No doubt, even when he grew too powerful to have his mum as his coach, Murray saw beyond the obvious and realised that he could trust a woman as no high-ranking tennis ace has done before.

Think of the way the world has changed since we fought the evil that was Hitler, starting in 1939. Computers, global travel, the concept that is the United Nations; the list is endless.

(Hey, why am I trying to write this list? Everyone will have a different set of changes in our lifestyle since Wimbledon was played in long white trousers, since racquets were made of wood, since Australians and then Americans came to dominate the men’s singles. Go for it: it’s a lot of fun.)

The papers said that within a day or two Murray had shown this change of his team could be successful, but his victory over a minor player at Queen’s Club would have come anyway. Once again, that very sentence shows how life may have advanced for the rest of us but not for sportsmen. Queen’s Club has been the place where tennis men and women warmed up for Wimbledon for the whole of my life and, without thinking, they continue that habit.

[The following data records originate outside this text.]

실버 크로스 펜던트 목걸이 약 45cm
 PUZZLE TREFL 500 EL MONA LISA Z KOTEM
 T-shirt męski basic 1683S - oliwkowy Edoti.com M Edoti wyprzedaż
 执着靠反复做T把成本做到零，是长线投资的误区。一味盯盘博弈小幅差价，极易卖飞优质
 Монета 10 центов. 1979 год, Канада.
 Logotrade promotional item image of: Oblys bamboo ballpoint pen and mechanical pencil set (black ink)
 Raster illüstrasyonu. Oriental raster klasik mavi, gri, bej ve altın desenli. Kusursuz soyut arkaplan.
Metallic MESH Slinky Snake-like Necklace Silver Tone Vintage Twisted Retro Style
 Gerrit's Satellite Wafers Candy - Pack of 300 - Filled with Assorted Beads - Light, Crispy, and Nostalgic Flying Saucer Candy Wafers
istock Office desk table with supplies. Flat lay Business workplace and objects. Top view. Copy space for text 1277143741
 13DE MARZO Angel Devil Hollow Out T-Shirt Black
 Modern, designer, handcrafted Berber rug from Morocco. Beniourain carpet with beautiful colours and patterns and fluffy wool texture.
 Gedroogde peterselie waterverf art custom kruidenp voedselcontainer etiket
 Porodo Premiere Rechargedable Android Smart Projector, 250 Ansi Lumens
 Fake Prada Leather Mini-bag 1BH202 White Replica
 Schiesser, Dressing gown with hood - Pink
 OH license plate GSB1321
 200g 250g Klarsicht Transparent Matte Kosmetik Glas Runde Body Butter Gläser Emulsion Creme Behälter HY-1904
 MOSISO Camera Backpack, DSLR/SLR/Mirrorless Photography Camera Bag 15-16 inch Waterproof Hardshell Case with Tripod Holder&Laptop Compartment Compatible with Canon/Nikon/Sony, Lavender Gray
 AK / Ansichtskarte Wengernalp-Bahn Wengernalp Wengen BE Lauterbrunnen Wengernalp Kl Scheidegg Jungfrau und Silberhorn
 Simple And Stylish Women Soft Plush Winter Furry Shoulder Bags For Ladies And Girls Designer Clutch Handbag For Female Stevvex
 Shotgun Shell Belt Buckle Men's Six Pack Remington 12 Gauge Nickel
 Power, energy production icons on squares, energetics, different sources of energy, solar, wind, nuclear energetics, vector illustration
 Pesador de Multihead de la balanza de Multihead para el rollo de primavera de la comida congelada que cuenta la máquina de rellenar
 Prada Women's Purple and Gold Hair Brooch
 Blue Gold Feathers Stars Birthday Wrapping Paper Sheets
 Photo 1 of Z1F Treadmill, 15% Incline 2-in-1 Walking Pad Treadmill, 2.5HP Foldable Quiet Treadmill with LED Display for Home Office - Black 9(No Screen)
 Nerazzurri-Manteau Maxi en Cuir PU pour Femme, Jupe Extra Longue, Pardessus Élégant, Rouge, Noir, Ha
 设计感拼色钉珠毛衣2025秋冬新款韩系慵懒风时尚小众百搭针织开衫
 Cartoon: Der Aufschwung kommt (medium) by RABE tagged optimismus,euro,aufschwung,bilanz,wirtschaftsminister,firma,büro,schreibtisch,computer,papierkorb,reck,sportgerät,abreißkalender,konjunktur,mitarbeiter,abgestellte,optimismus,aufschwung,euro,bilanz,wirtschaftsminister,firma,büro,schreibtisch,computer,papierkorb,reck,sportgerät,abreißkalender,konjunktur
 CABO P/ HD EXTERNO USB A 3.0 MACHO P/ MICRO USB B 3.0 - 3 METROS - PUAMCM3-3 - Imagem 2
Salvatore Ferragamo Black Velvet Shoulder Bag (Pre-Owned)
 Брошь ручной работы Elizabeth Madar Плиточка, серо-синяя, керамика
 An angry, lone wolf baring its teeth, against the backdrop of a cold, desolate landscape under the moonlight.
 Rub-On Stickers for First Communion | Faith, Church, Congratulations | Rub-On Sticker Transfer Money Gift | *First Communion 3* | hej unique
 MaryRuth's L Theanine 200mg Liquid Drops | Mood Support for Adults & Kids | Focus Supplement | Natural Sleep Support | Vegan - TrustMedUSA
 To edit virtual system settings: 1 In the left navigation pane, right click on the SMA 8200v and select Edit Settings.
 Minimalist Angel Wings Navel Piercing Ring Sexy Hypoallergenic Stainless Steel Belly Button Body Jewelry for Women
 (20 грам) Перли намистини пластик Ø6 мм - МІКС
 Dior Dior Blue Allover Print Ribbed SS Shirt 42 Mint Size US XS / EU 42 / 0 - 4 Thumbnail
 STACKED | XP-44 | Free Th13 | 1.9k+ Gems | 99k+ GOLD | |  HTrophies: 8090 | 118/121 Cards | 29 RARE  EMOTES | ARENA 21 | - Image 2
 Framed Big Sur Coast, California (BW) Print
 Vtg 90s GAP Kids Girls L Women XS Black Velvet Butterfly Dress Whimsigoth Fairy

In general, people don’t like new ideas or change of any kind. I remember picking up my first laptop and thinking how it would make my life easier. All around me there were other reporters — aren’t we supposed to be the leaders of new ideas, the forward thinkers, the men and women who break the mould? — staring at these new implements as if they might bite.

“They are just a passing fad,” they complained and wrote memos to themselves even detailing how to open the lid.

We have only scratched the surface of computer use 25 years on. I see a day when we can think of a subject like Murray and the female coach and a whole 900-word article will appear in front of us, transfer itself to the newspaper of our choice and automatically correct our mistakes.

These little gadgets have updated the world and my hope is that Murray’s appointment will help to change how the world views women. In an era of violence towards them in war and peace, they need all the aid they can get and it would be an irony if old-fashioned sport contrived to show they are worth their place in a world that does not always treat them gently.